This tutorial walks through a complete post-accumulation quantization pipeline that models transformer attention activation: softmax(QK^T / √d_k). It demonstrates the interplay between the MMALU (dot-product accumulation), VALU (element-wise operations), and programmable LUT activation functions (vlut/vsetlut), with full end-to-end quantization in the INT8 domain.
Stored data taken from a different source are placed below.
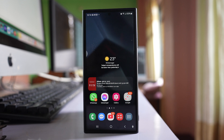Today in this video we will see how to download and install TrueColor on your Samsung phone and set it as the default dialer.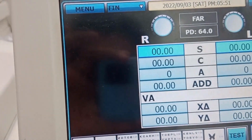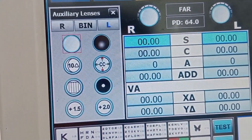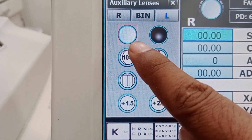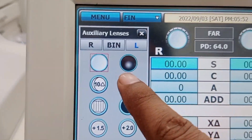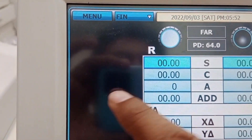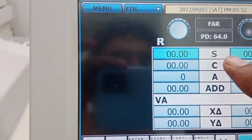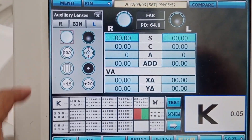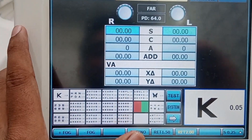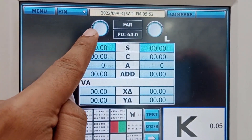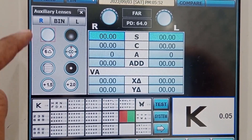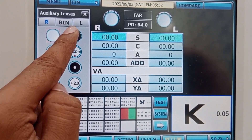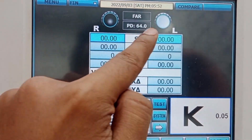You can see there is a plano lens and an occluder. If I press the occluder, the left eye is occluded. I can open both eyes so right and left are both open. If I click on the right eye and press the occluder, the right eye is occluded and the left eye is open.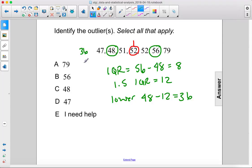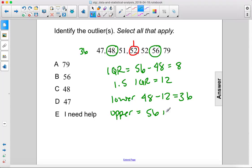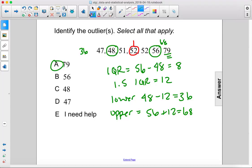36 is over here on the plot, meaning there are no outliers on the lower end. For the upper end, we have 56 plus 12, which is 68, meaning that 79 is an outlier. The answer is A.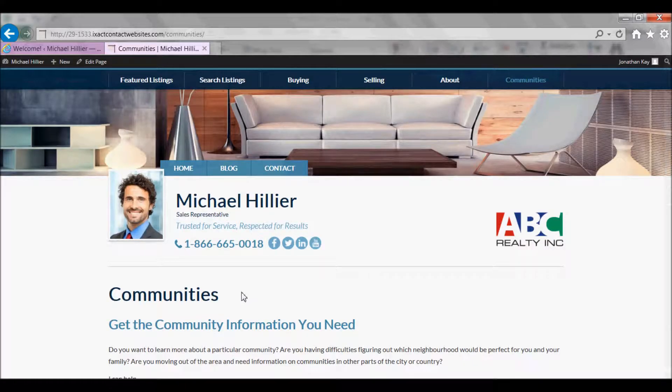Welcome to the ExactContact tutorial series. In this tutorial, we will show you how to take advantage of IDX Community Pages.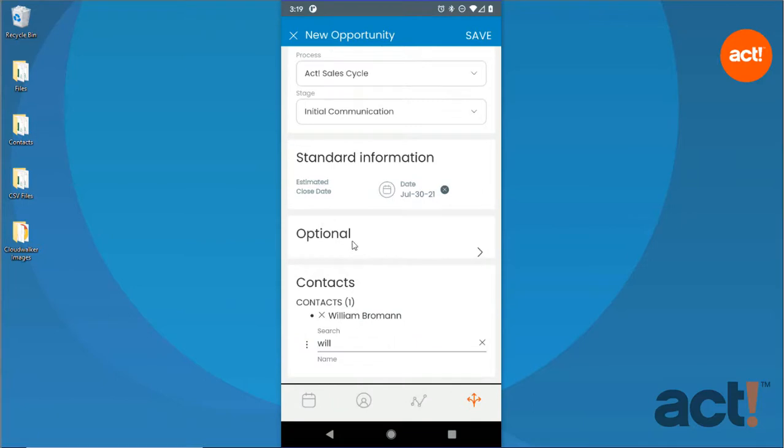Once you've finished adding all these details, make sure you tap the Save button in the top right corner to save this new opportunity to your ACT Database.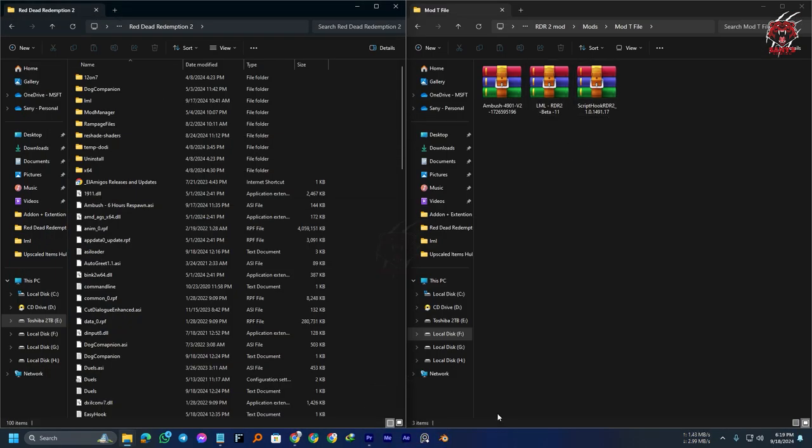If you're new to modding in Red Dead Redemption 2, please check out my channel. There are lots of videos on how to install LML, Script Hook, or other essential modding tools for any mod to work.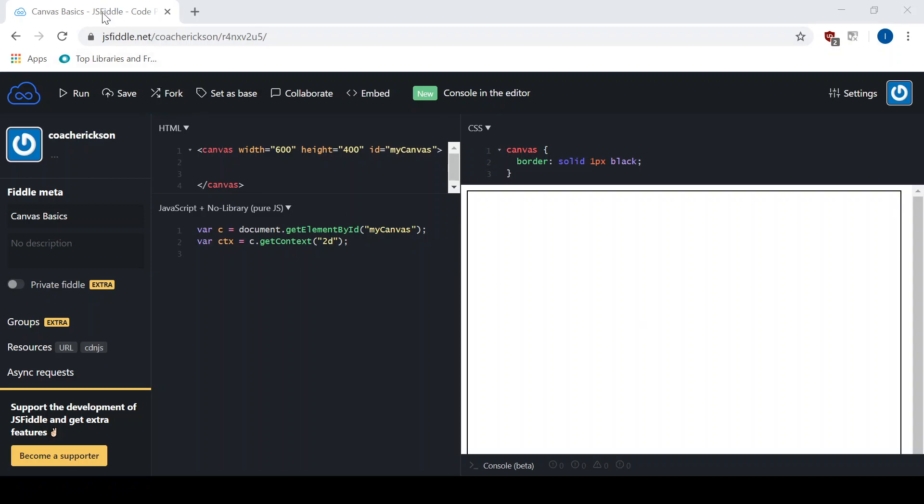Hey guys, welcome back to another quick little tutorial on JavaScript and Canvas. In this tutorial we're going to talk about how to add text to the Canvas element. As always, working from a base here that you can find the link to down in the comments.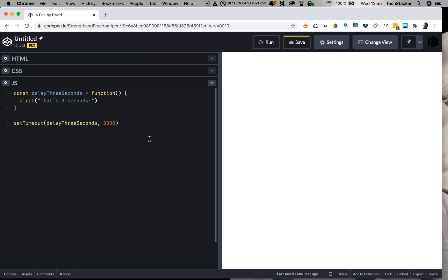Now here's something that's very important to understand about setTimeout. And this is something a lot of people don't know, even experienced developers. And I recently found out about this.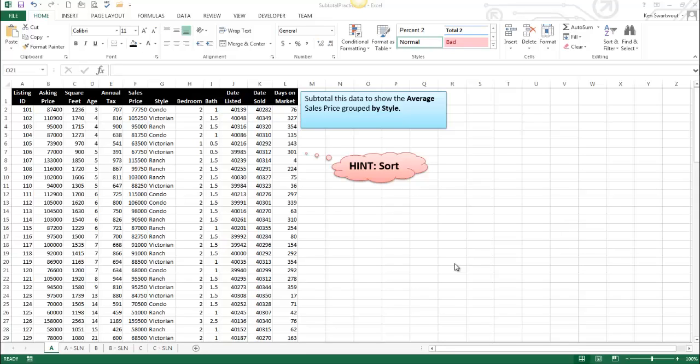Hello. Today we're going to talk about subtotals. Now, subtotal is a function, but I'm going to talk about different things, just subtotaling data today. So it's not a formula.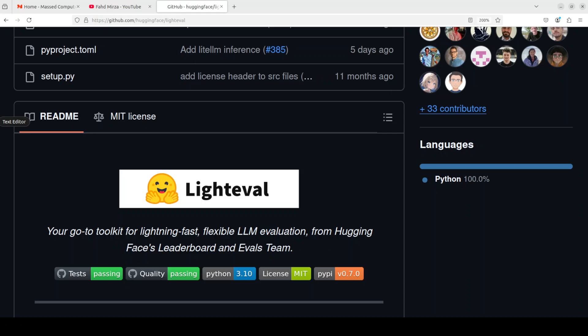Hi everyone, this is Fahad Mirza and I welcome you to the channel. If you can't measure something, there is no point installing it and claiming that it is the best. That is where benchmarking large language models helps a lot.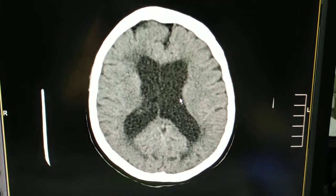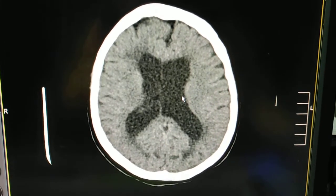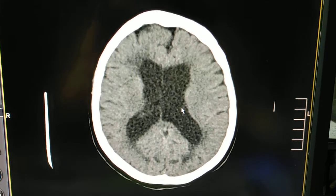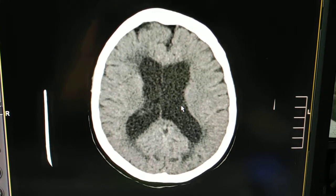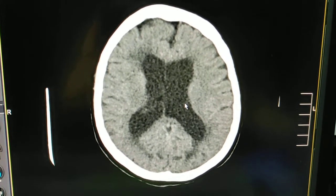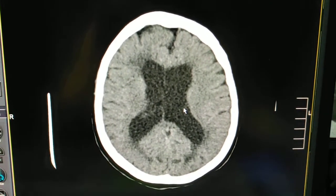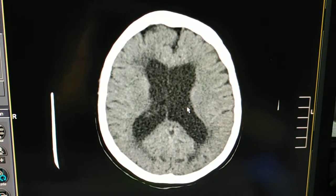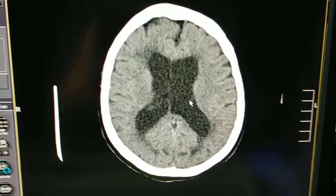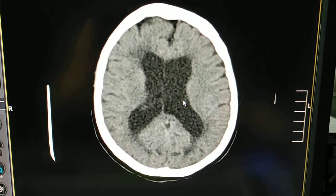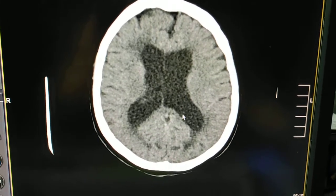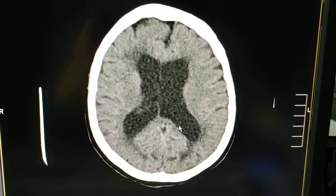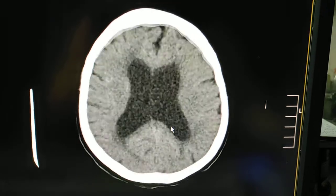Generally in these cases, the patient might present with walking imbalance, gait disturbance, dementia, or urinary incontinence. These are mostly the classic histories for a normal pressure hydrocephalus patient.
The implementation combines: - Integer arithmetic (systolic array, reductions, shifts) - Floating-point FMA (scaling and bias) - Quantized activation (exp and reciprocal via programmable vlut banks) - Numerical stability (max subtraction before exp)


The Quantization Pipeline

Data Flow

QK^T accumulator (INT8 seed)
        ↓
   Phase 0-1: FP32 dequantization + scale
        ↓
   scaled_fp32
        ↓
   Phase 2: Quantize to SQ1.6 for LUT domain
        ↓
   scores_sq16 [VX]
        ↓
   Phase 3: Numerical stability: x - max(x)
        ↓
   shifted_sq16 [VX]
        ↓
   Phase 4: vlut bank A (exp table: SQ1.6 → UQ0.8)
        ↓
   exp_uq08 [VX]
        ↓
   Phase 5: vsum → INT32 sum (broadcast to all lanes)
        ↓
   Phase 6: vlut bank B (recip table: scalar 1/sum)
        ↓
   recip_sq16 [VX]
        ↓
   Phase 7: Promote INT8 → FP32, multiply (exact for small values)
        ↓
   product_fp32 [VR]
        ↓
   Phase 8: FP32 → INT32, arithmetic right-shift >>7
        ↓
   shifted_int32 [VR]
        ↓
   Phase 9: Narrow INT32 → INT8 saturated (final softmax weight)
        ↓
   result_int8

Phase-by-Phase Breakdown

Phase 0–1: FP32 Dequantization and Scale

// Seed accumulator as INT8, promote to FP32
vbcastImm(rd=8, imm=acc_int8)         // broadcast INT8 accumulator to VX[8]
vcvt_s8_f32(rd=0, rs1=8)              // INT8 → FP32 in VR[0]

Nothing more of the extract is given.